The metering pipeline's correctness guarantees are structural (monotonic counters, `max - min` idempotent under duplicates, container\_uid isolates restarts). Structure holds *as long as nobody changes it*. These queries detect the drift: the moment a counter goes backward, a bucket has fewer samples than it should, or a negative delta sneaks into the data, an alert fires and a human looks before any downstream consumer acts on it.

Run them hourly against the raw or MV tables, depending on query cost. None take longer than a few seconds on the current data volume.

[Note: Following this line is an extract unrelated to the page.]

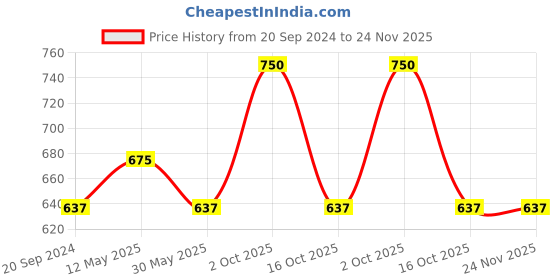 myntra.com In Care Bra Full Coverage Heavily Padded in care Price History Graph from 20 Sep 2024 to 24 Nov 2025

## 1. Counter monotonicity per `container_uid`

A kernel counter inside a single container incarnation should only ever increase. A decrease implies: (a) BPF map reset without corresponding `container_uid` change (severity: undercount), (b) a replay-triggered row insertion with stale data that Replacing hasn't merged yet (severity: none on `FINAL` reads, but still a smell), (c) a genuine bug.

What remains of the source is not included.